_Work order_
Word for word, write the lines below out again, with no pictures.

_Dataset extract_

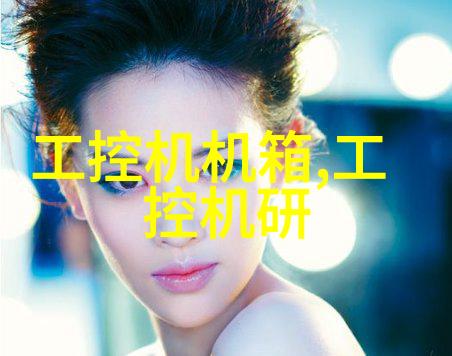 在使用电加热设备时需要注意哪些安全措施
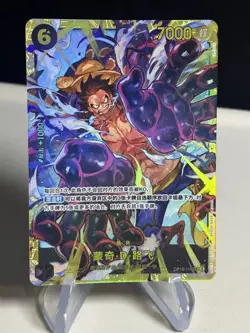 Monkey.D.Luffy (118) OP10-118 Royal Blood Foil TCG One Piece ZL13 - Image 1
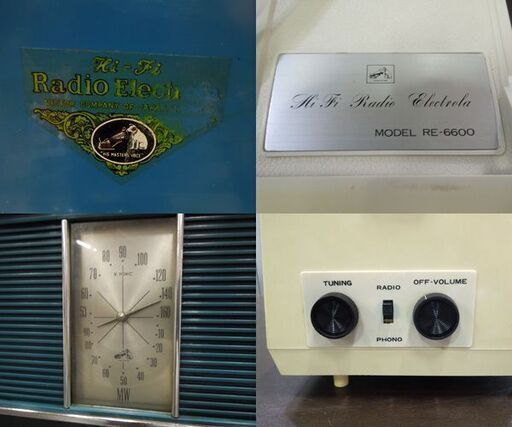 昭和レトロ ビクター レコードプレーヤー 2台セット SPE-8200IC RE-6600 通電OK ジャンク扱い品 ターンテーブル Victor 札幌市 新道東店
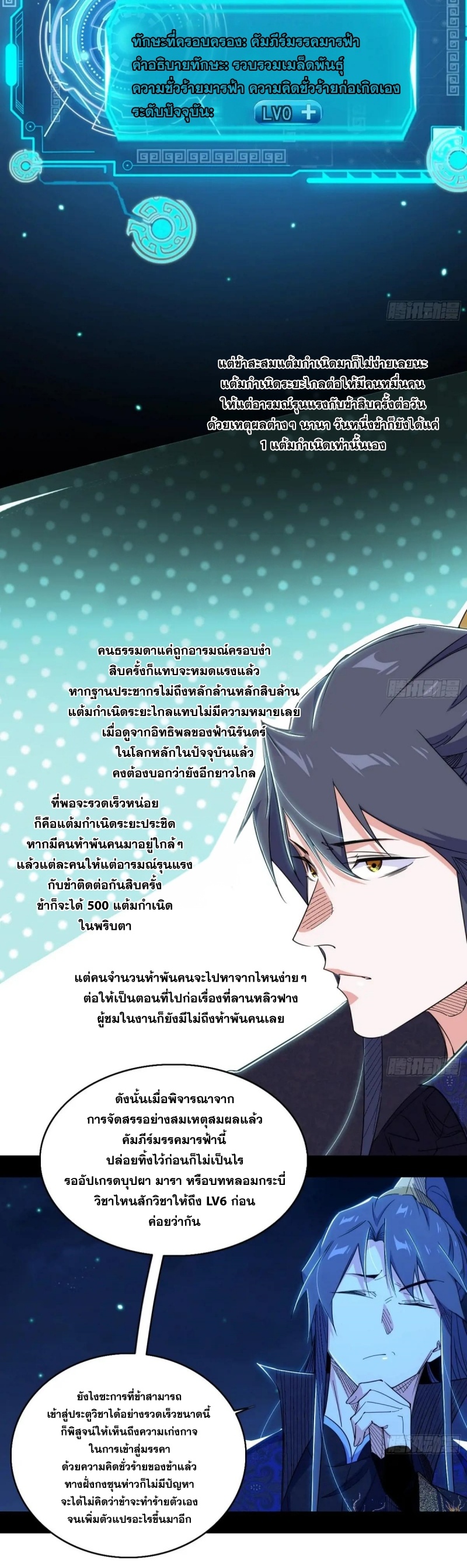 I'm an Evil God ข้าคือจักรพรรดิปีศาจ ตอนที่ 431 หน้า 12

_Expected answer_
 在使用电加热设备时需要注意哪些安全措施
 Monkey.D.Luffy (118) OP10-118 Royal Blood Foil TCG One Piece ZL13 - Image 1
 昭和レトロ ビクター レコードプレーヤー 2台セット SPE-8200IC RE-6600 通電OK ジャンク扱い品 ターンテーブル Victor 札幌市 新道東店
 I'm an Evil God ข้าคือจักรพรรดิปีศาจ ตอนที่ 431 หน้า 12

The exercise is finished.